Digital Big Bang — 161 Exabytes In 2006
An anonymous reader tips us to an AP story on a recent study of how much data we are producing. IDC estimates that in 2006 we created, captured, and replicated 161 exabytes of digital information. The last time anyone tried to estimate global information volume, in 2003, researchers at UC Berkeley came up with 5 exabytes. (The current study tries to account for duplicating data — on the same assumptions as the 2003 study it would have come out at 40 exabytes.) By 2010, according to IDC, we will be producing far more data than we will have room to store, closing in on a zettabyte.
We won't be running out of space just like we didn't run out of food. New technology will allow us to store ever more data.
Web server log files with the history of people clicking around. My address stored by everybody I ever bought anything on line from. It's more an information land-fill than an information warehouse.
Leave the gun, take the cannoli -- Clemenza, The Godfather
I'm sorry, how stupid is this?
"producing far more data than we will have room to store"
That's like saying, for the last 2 months, my profit has increased by 10%. If my profit keeps increasing at 10% per month, then pretty soon I'll own all the money in the world, and then I'll own more money than exists! Damn I must stop making money now before I destroy the world economy!!!
Who are these people who draw straight lines on growth curves?
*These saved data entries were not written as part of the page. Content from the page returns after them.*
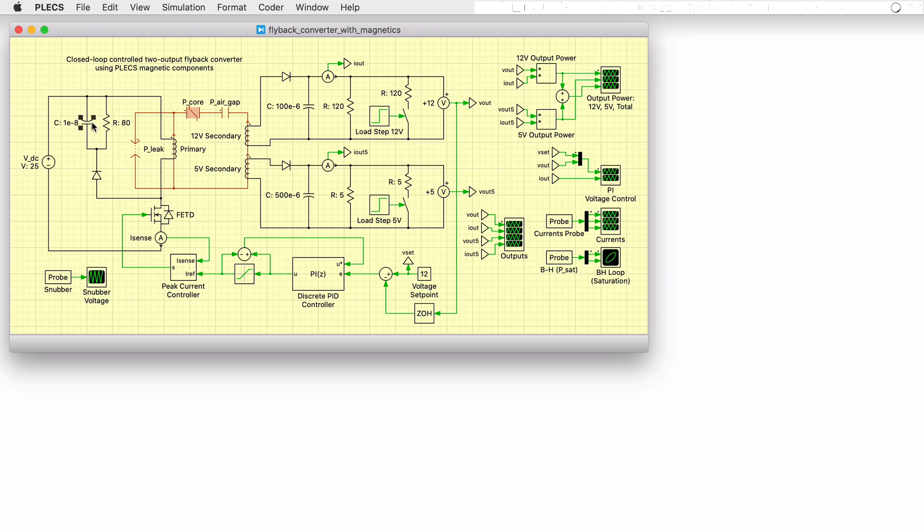An RCD snubber is used in the circuit to protect the MOSFET during turnoff from excessive voltage spikes. The snubber will dissipate the energy stored in the leakage inductance of the transformer.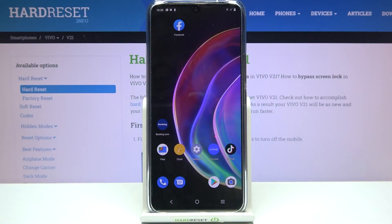Hi everyone, in front of me is the Vivo V21, and let me share with you how to change the wallpaper on this device.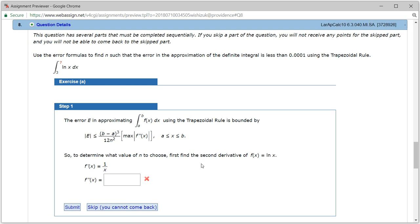Let's look at Hallmark 6.3, problem number 8. Let's do part A, step 1. We're estimating the error for the trapezoid rule.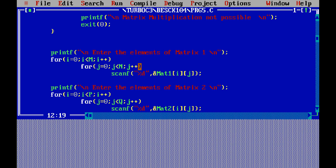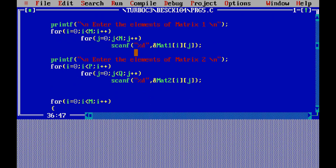The same code is repeated for matrix 2. Copy those four lines, paste them, print 'Enter the elements of matrix 2', replace m with p, n with q, and mat1 with mat2. The nested loops run for i = 0, i < p and j = 0, j < q, scanning each element into mat2[i][j].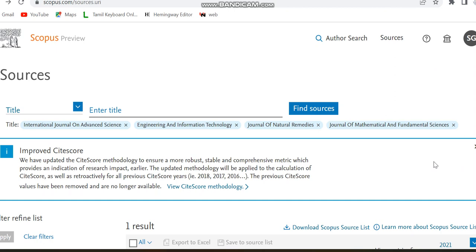Hello all. Today in this video I'm going to provide details regarding three paid journals which are indexed in Scopus. Some of them are also indexed in Web of Science and some in UGC CARE List too. I'm moving through the Scopus preview page — just check at that time whether the journal is indexed in Scopus or whatever indexing you are checking for.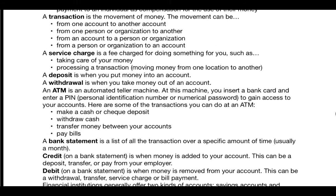A credit on a bank statement is when money is added to your account — this can be a deposit, a transfer, or pay from your employer. A credit can be thought of as a plus, adding to your account. A debit on a bank statement is when money is removed from your account. This can be a cash withdrawal, a transfer out, a service charge, a bill payment, or an in-store purchase.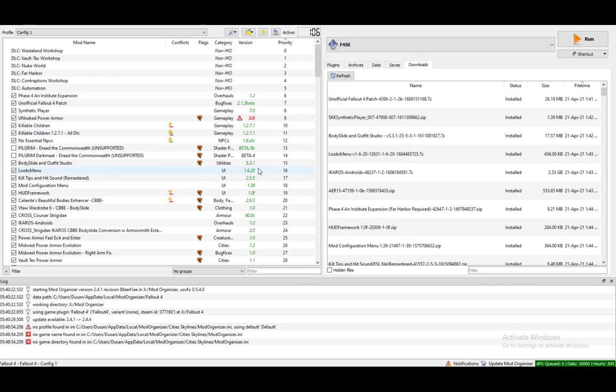Hey everybody, I hope you're all doing well, and welcome to another tutorial video. In this one, I'll be explaining to you guys how you can connect Mod Organizer 2 to the Nexus Mods site. So let's get right into it.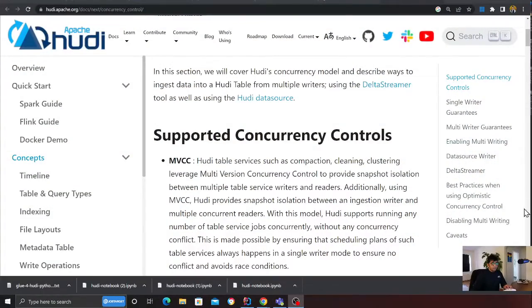Before we get started, Apache Hoodie supports various functionality, for example incremental queries, insert, updates, delete, time travel, snapshot queries, and much more. It also has supported ways for concurrency control. Let me show you how to correctly configure your Apache Hoodie Python code to use DynamoDB as a lock table.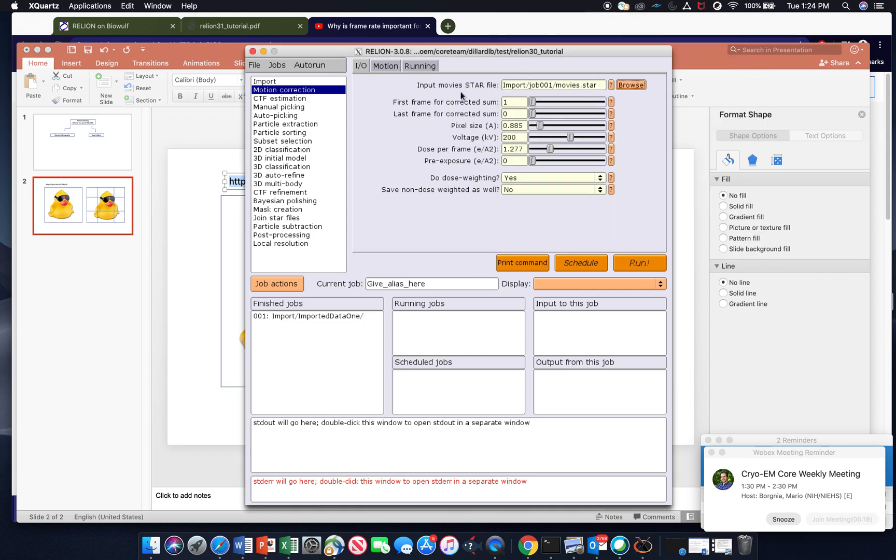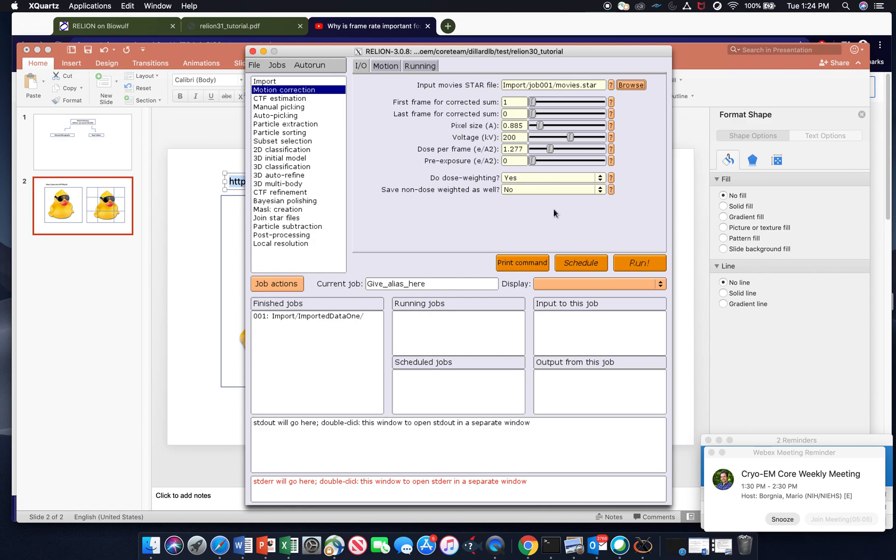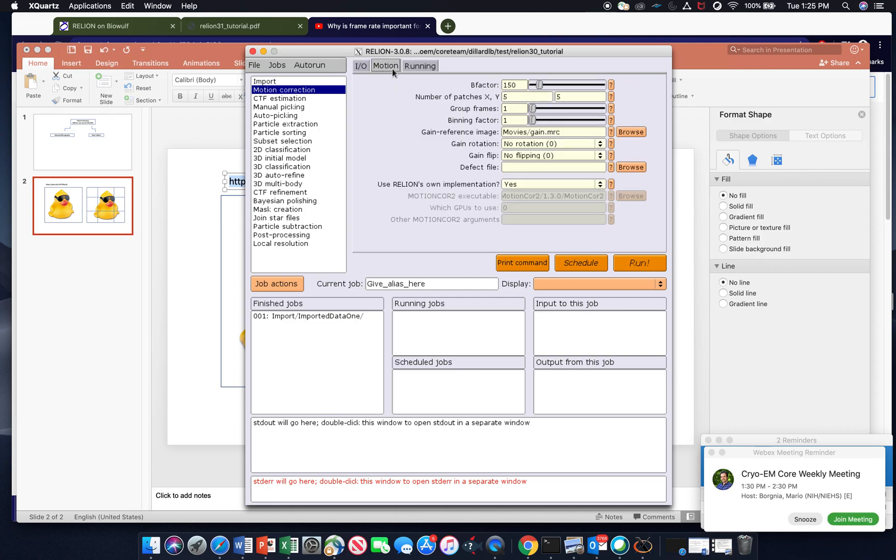So the next thing you have to do is input all of the parameters that were used to collect the micrographs. And that will be given to you by whoever collects the data. So it's important to get the pixel size right and the voltage. And all of these values for the test data set come from the Reliant tutorial that I showed you earlier. And these are the parameters for that data set.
Why do people print the garbage they write and why weren't they the first against the wall after the dot com bust?
The only things that seem certain are death, taxes, entropy and stupid people...
"The weirdest thing about a mind, is that every answer that you find, is the basis of a brand new cliche" -
HA!
But seriously, I wonder what percentage of this data is text. I'd guess it is a very very small amount. When I had a film camera, in twenty years I bet I took less than 100 rolls of film. With digital cameras I've take thousands of pictures, sometimes taking a dozen or more of the same subject, just because the cost to me is practically zero. Now there are vendors that will let me upload large numbers of these amateurish photos for free, and let's pretend that there are enough people interested in seeing my pictures that these companies can pay for this storage with advertising. That's scary.
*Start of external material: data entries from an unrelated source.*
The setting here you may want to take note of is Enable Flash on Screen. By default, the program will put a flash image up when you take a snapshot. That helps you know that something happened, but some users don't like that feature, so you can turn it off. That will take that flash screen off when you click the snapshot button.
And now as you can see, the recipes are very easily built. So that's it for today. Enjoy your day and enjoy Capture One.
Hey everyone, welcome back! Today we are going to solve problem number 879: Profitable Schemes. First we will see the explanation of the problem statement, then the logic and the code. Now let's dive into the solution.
Excluding attachments I think it would be practically impossible for anyone to use up Googles 2 gig of storage, but I've heard of people using it up in little more than a week by mailling large attachments back and forth (oh yeah, I HAVE to have every single iteration of that Word document, sure I do!)
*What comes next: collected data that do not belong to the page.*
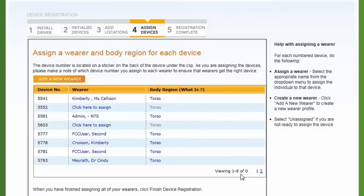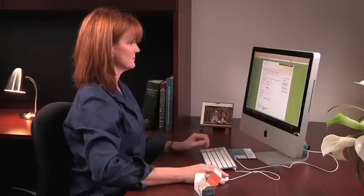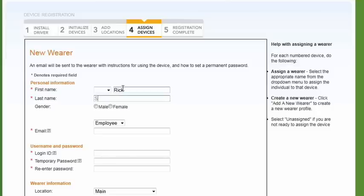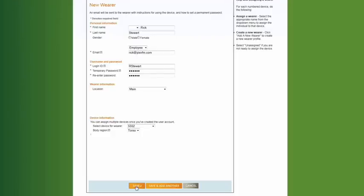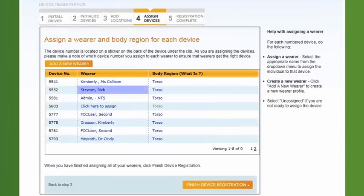This step allows you to either assign a device to yourself or to others. To assign a device to yourself, from the Wearer column, select Click Here to Assign and choose your name from the list. To assign a device to other wearers in your account, click Add a new wearer. Fill in the information required and click Save. The table will refresh with the new wearer listed next to the device assigned.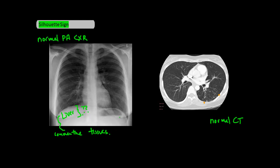Contrast this with what's underneath the left diaphragm. Here we can clearly see the border between the stomach and left diaphragm, and that's because the air found in the stomach is of a different density than the diaphragm, which allows us to see a border between the two.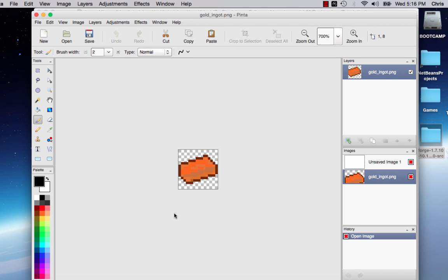Hey guys, welcome to your third Minecraft modding tutorial. In this tutorial we are going to add an ingot into the game.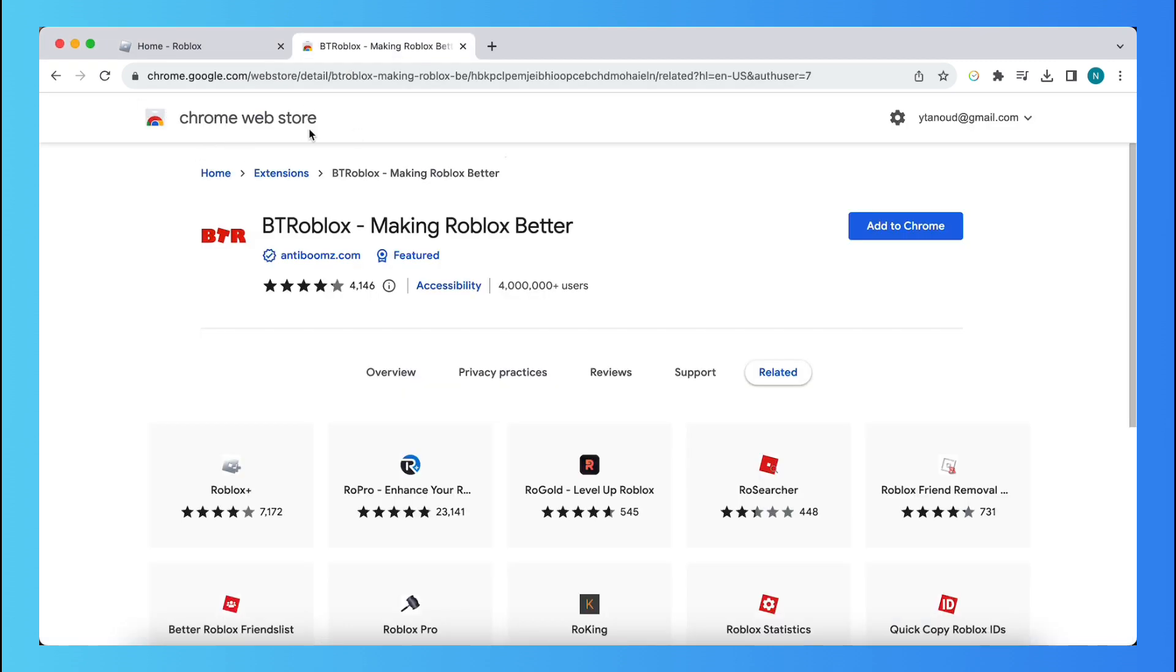Then search for BTRoblox, Making Roblox Better. I will leave a link to this extension in the description so you don't have to type it manually, but you can just click the link.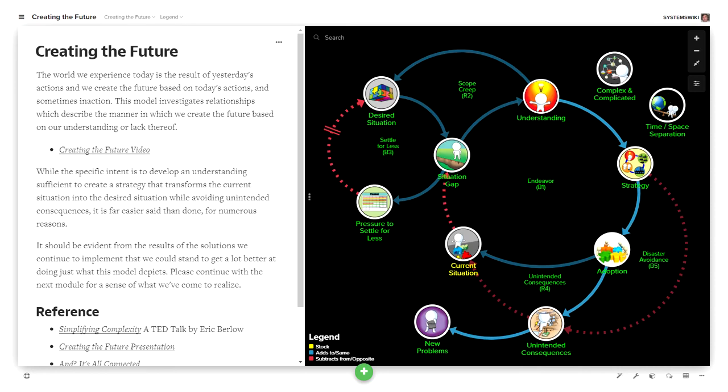So I thought I'd just spend a few minutes and rave about the environment and the fact that you can go to kumu.io and create an account and create all of the public models that you want for free. You can use it to create other types of relationship models other than the type that I create on an ongoing basis.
But what's scarier is that for some nominal fee (like $20 a year) they place no limit at all on my ability to hog a disk drive somewhere. I know people who are messed up in the head enough to want to test these claims. Give them 5 gig for photos and they've filled it up in a week, give them "unlimited" and they upload pure junk to see if they can break the thing.
Like any house of cards, this thing is gonna come down sooner or later. I just hope that people who are making sensible use of these online services don't lose everything along with the abusers.
As interesting as the sheer volume is, most of it is garbage. I'd rather have 50 terabytes of organized and accurate information than 500 exabytes of data that isn't organized, and even if it were, it's accuracy is questionable at best. In essence, even if you manage to find what you want, the correctness of that information is likely to be very low.
I've long said we are not in the information age, we are in the data age. The information age will be when we've successfully organized all this crap we're storing/transmitting.
Again, RTFS: "IDC estimates that in 2006 we created, captured, and replicated 161 exabytes of digital information."
If a NMEA lat-lon string gets spit out of the serial port of a GPS and there's nothing there to capture it, it is not part of their count. They're not counting bitrate on data generators and multiplying times bandwidth. They're counting discrete blocks of saved data. You cannot arrive at the latter from the former, just like you can't tell how much water is behind Hoover Dam on average during the year by measuring the average daily flow rate of the Colorado river and multiplying by 365.
If a job's not worth doing, it's not worth doing right.